_PROBLEM DETAILS_:
Without the images, reproduce each line of the material exactly.

_AVAILABLE DATA_:

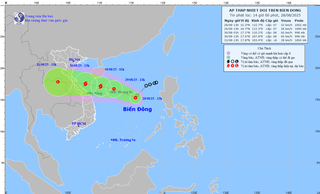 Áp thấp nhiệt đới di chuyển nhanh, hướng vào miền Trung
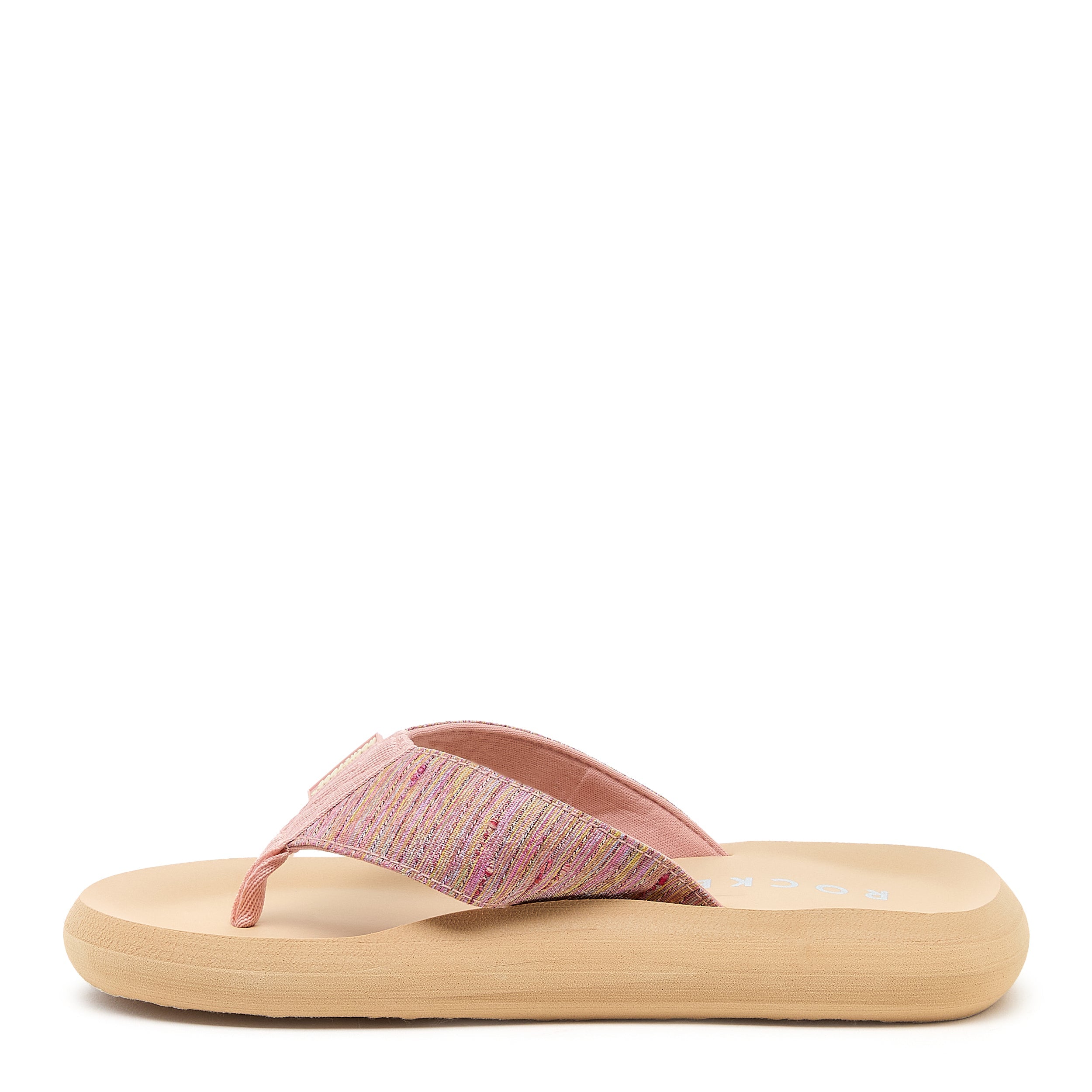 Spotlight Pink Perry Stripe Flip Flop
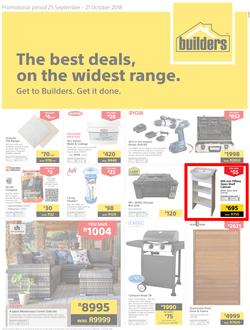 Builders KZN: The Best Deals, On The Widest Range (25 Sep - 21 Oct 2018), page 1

_ANSWER BELOW_:
 Áp thấp nhiệt đới di chuyển nhanh, hướng vào miền Trung
 Spotlight Pink Perry Stripe Flip Flop
 Builders KZN: The Best Deals, On The Widest Range (25 Sep - 21 Oct 2018), page 1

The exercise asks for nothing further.